Domestic vs. foreign R&E under OBBB

  • Domestic research: Can be fully expensed under §174A. Alternatively, taxpayers may elect to amortize over 60 months.

  • Foreign research: Must still be amortized over 15 years under §174. No election is available.

  • Transition relief: Taxpayers may recharacterize certain 2022–2024 domestic R&E expenditures and claim deductions retroactively if method changes are filed under Rev. Proc. 2025-28.

Key takeaway: The U.S. tax code now strongly favors onshore research, with immediate deductions making domestic innovation significantly more attractive.

The R&D credit still matters

The R&D tax credit (IRC §41) was not repealed or scaled back under OBBB. Instead, its interaction with §174A changes planning:

  • Expensed costs reduce the base for the credit, requiring careful modeling.

  • Electing amortization might produce a larger credit base but slower deductions.

  • Section 280C elections still apply, reducing deductions by the credit amount unless a reduced credit election is made.

Key takeaway: Full expensing is valuable, but companies must weigh whether maximizing credits through amortization may deliver a better combined result.

Worked example

Example
A biotech startup spends $5,000,000 on domestic R&E in 2025. It has $7,000,000 in gross income and expects a 10% effective R&D credit rate.

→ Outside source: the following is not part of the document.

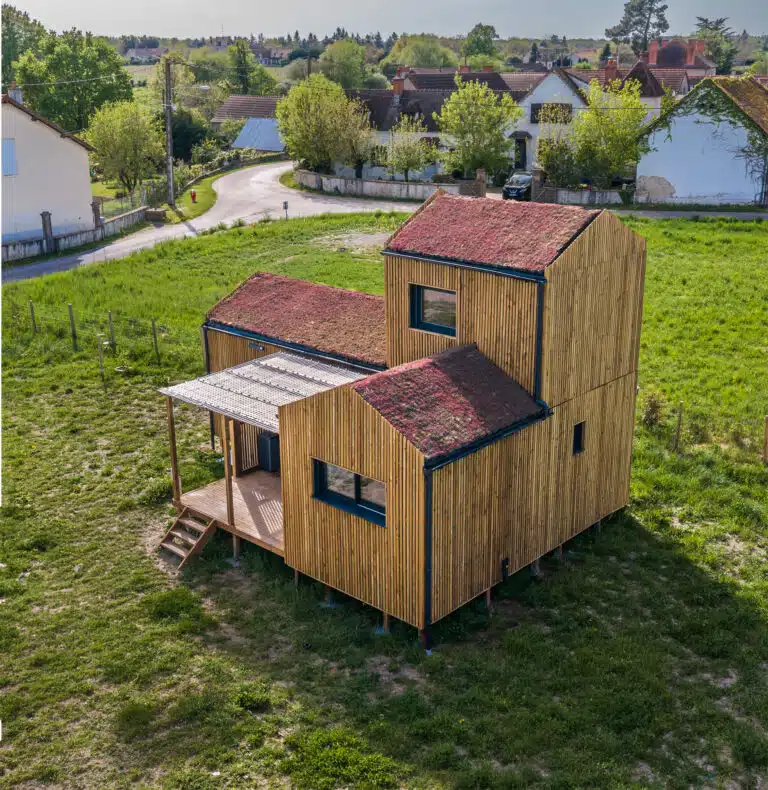 Vue aérienne d'une maison modulaire bois Greenkub GK50 en Allier – composition de trois volumes bardage bois vertical avec toitures végétalisées, terrasse centrale couverte, environnement rural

  • If expensing under §174A: Immediate $5,000,000 deduction. Taxable income = $2,000,000. R&D credit = $500,000 (10% of qualified base).

  • If amortizing: Deduction limited to $1,000,000 in 2025 (1/5 of costs). Taxable income = $6,000,000. R&D credit base potentially larger at $500,000–$800,000 depending on carryforward adjustments.

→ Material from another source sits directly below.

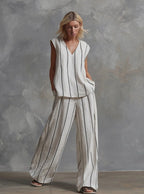 Women’s sleeveless striped top and full-length pants set by FitiqueFit, casualwear ensemble, shown in a stylish, comfortable outfit.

At a 21% corporate rate, immediate expensing saves $1,050,000 in tax. However, amortization may yield stronger credits in later years.

Assumptions

  • All costs qualify under §174A and §41.

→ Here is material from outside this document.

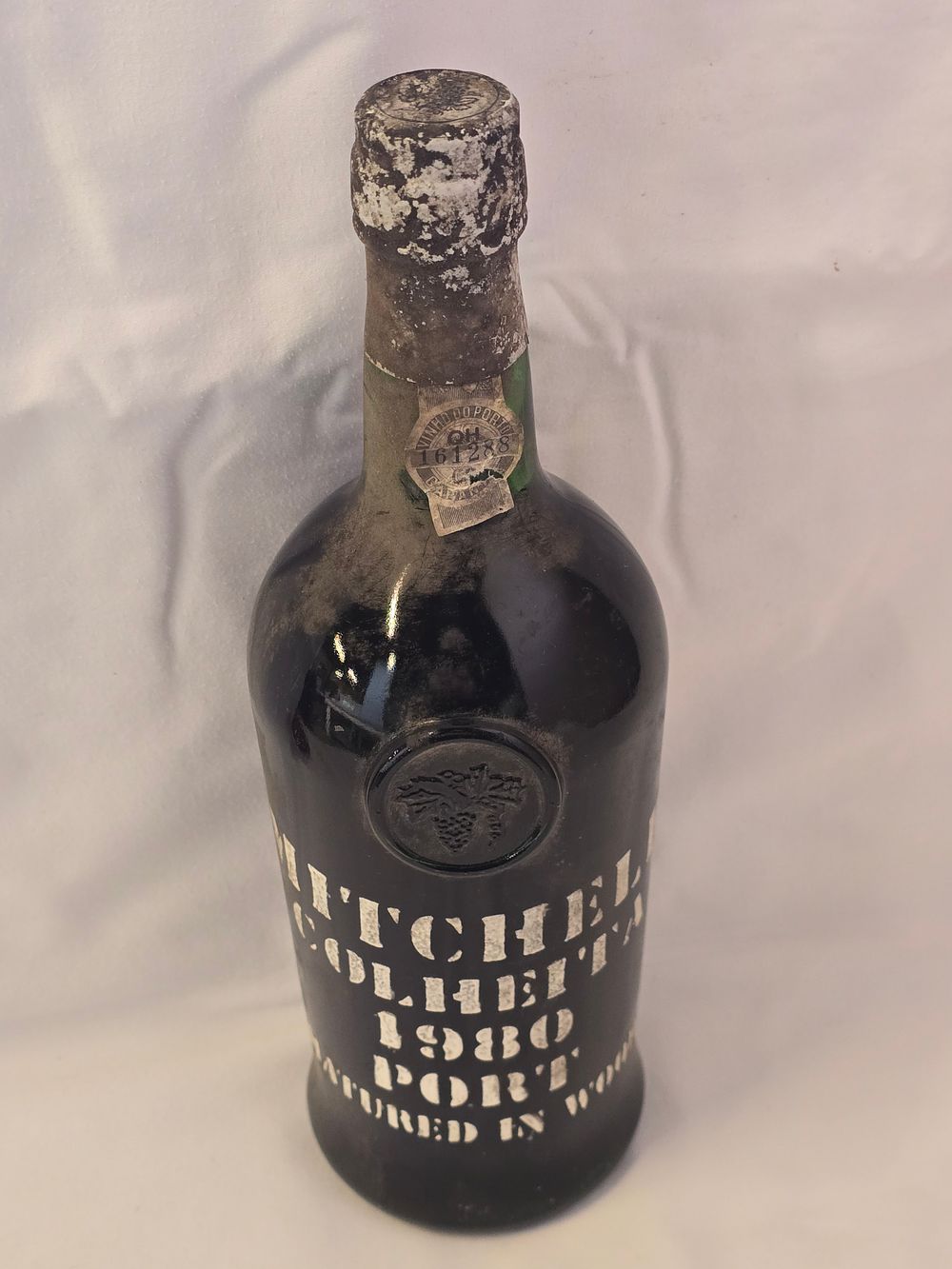 Lot 308: A bottle of unopened Mitchell Colheita 1980 vintage port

  • Startup is profitable in 2025.

  • Simplified credit base calculation.

Planning strategies under OBBB

  • Analyze whether to elect expensing or amortization each year for domestic R&E.

  • Model long-term cash flow to balance deductions and credits.

  • Consider state conformity rules, not all states will adopt §174A immediately.

  • Document domestic vs. foreign R&E carefully to preserve eligibility.

  • Use Rev. Proc. 2025-28 method changes to adjust prior-year filings if advantageous.

Structured summary

  • OBBB introduces Section 174A, restoring immediate expensing of domestic R&E costs.

  • Foreign R&E remains subject to 15-year amortization.

  • The R&D credit under §41 remains intact but interacts differently with expensing, requiring detailed modeling.

  • Transition relief applies for 2022–2024 costs under IRS Rev. Proc. 2025-28.

  • Businesses should balance cash savings from expensing against potential credit optimization through amortization.